Die Verbindung von Düsseldorf zunächst bis Erkrath (1831) und bald weiter nach Elberfeld (1841) und Schwelm (1847) war die erste Eisenbahnstrecke in Westdeutschland. Sie wurde von der Bergisch-Märkischen Bahngesellschaft auf der Trasse der heute noch betriebenen Bahnlinie erbaut.

In dieser Zeit wurden die Bahnen noch von privaten Gesellschaften betrieben. Einige Jahre später beschloss auch die Rheinische Eisenbahngesellschaft, eine Strecke über Wuppertal nach Osten zu bauen. Diese Strecke musste nun eine eigene Trasse finden, die mit wenig Aufwand zu erschließende Variante war schließlich schon belegt. Gleichzeitig lag die Chance der Gesellschaft in der Abwicklung von Güterverkehr, war doch die Bergisch-Märkische Trasse durch den Erkrather Berg mit für eine Bahnstrecke extrem steilen 4 % Steigung ziemlich ungeeignet. So entstand 1871 die neue Trasse mit einem sanfteren Anstieg durch das Neandertal, über Mettmann und dann die Nordhänge von Barmen und Elberfeld. Im Wupper-Tal musste sie nördlich der bestehenden Wohnbebauung der Städte Barmen und Elberfeld diverse Seitentäler kreuzen und erhielt daher eine Trasse voller Tunnel, Brücken und Viadukte.

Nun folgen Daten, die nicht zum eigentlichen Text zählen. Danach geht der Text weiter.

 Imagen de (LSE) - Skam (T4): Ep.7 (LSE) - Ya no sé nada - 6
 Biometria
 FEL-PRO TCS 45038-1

Dieser Tatsache geschuldet ist allerdings auch der Niedergang der verkehrlichen Bedeutung. Mit der zunehmenden Elektrifizierung des Eisenbahnnetzes geriet die Strecke ins Hintertreffen. Die Querschnitte der Tunnel ließen eine Elektrifizierung nicht zu. Güterverkehr wurde aber überwiegend elektrisch abgewickelt.

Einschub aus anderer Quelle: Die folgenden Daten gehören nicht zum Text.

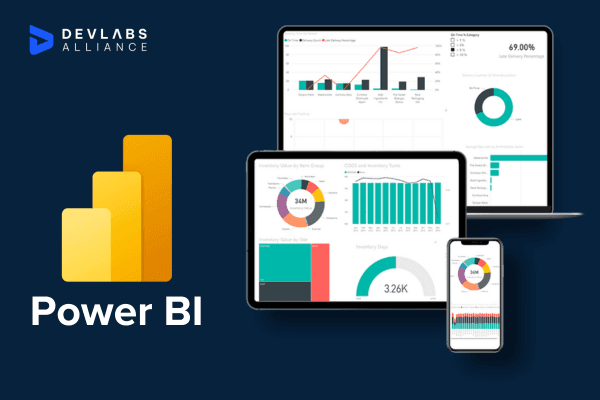 microsoft-power-bi-certification-training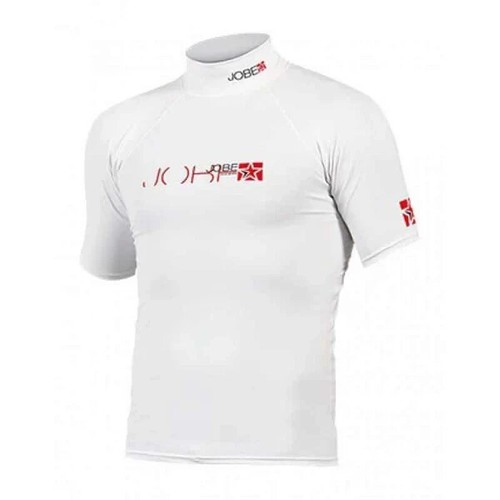Lycra rash guard chaotique - lycra,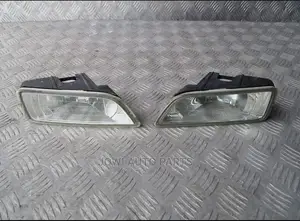 Foglights Honda Accord 2006 Model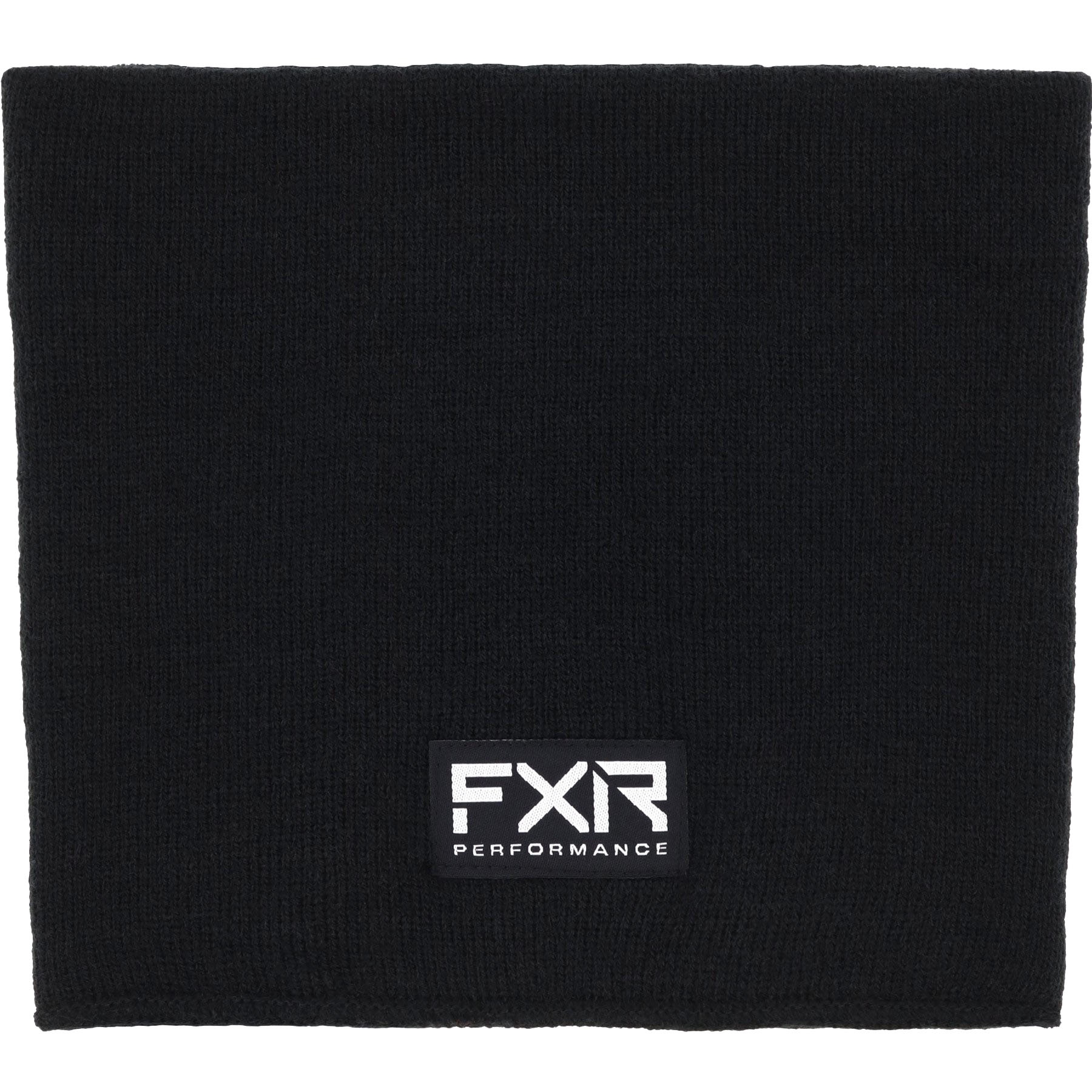 Бафф FXR Infinite (Black White, OS) 221610-1001-00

Die Nordbahn wurde allerdings angeblich noch aus militärischen Gründen benötigt. Sie soll in Planungen für Truppenverschiebungen im Fall eines Ost-West Konfliktes eine Rolle gespielt haben. Der Personenverkehr wurde aber immer weiter reduziert, und die eher auf Stilllegung von Strecken gerichtete, autobezogene Verkehrspolitik machte die Strecke endgültig schließungsfähig. 1980 rollte der letzte Personenzug, Ende der 80er Jahre war auch für den restlichen Güterverkehr Schluss.

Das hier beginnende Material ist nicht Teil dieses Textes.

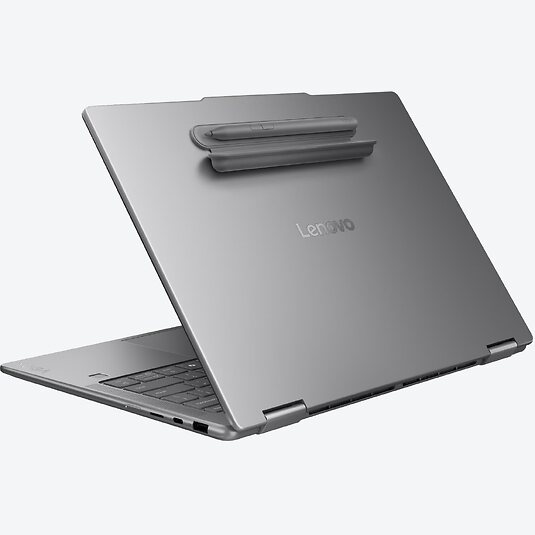 Lenovo Yoga 7 2-in-1 14IPH11 83TCCTO1WWDE2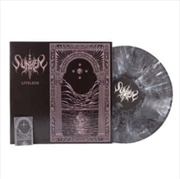 Buy Livslede - Mineral Vinyl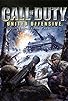 Primary photo for Call of Duty: United Offensive Primary photo for Call of Duty: United Offensive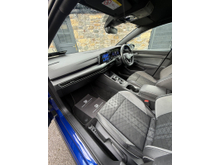 2022 Volkswagen Golf 2L Diesel For Sale Images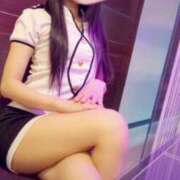 ヒメ日記 2026/02/12 15:12 投稿 サキ すごいエステ 名古屋店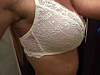 ������� �� ����������� ��� ����������
��������: ImageUploadedByTapatalk1402492212.792264.jpg
����������: 148
������:	9,9 ��
ID:	108769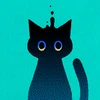 Liquidcat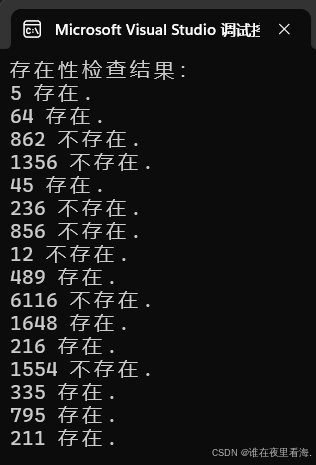 93dfe1d32d564d7f9ac451d62d747bc7.png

Reaktivierungsüberlegungen unter anderem im Zusammenhang mit der Regiobahnverlängerung blieben immer bei Planspielen ohne ernsthafte Realisierungschance. Auch die Stadt Wuppertal hatte weder ein Konzept noch eine realistische Perspektive in Petto. So blieb die Trasse bis zum Start der Wuppertalbewegung ein fast vergessenes langgezogenes innerstädtisches Grundstück.

Als geniale Verbindung für Alltag und Freizeit hat die Norbahntrasse in Wuppertal in wenigen Monaten seit der Eröffnung schon eine zentrale Rolle in der Stadt gefunden. Sie dient nicht nur als Verkehrsweg, sondern auch als soziokulturelle Einrichtung. Auf der Strecke wird im Alltag zunehmend innerstädtischer Radverkehr abgewickelt, aber auch die Zahl auswärtiger Besucher nimmt ständig zu. Abends und besonders an den Wochenenden überwiegt der Freizeitverkehr auf dem Herzstück im Bergischen Trassenverbundes. Hier wird flaniert, an den Bahnhöfen, Kneipen oder anderen Plätzen trifft man sich, flaniert oder besucht Kneipen und Restaurants an der Strecke.

Zur besonderen Verbindung der Wuppertaler zu ihrer Trasse hat sicher auch ihre Entstehungsgeschichte beigetragen. Da die Stadt Wuppertal viele Jahre im Nothaushalt stand und öffentliche Gelder nicht aufbringen konnte, wurde die Trasse nicht nur durch die Bürger angeregt, der dafür gegründete Verein "WuppertalBewegung" stellte auch die Finanzierung des städtischen Eigenanteil in Höhe von mehreren Million Euro sicher.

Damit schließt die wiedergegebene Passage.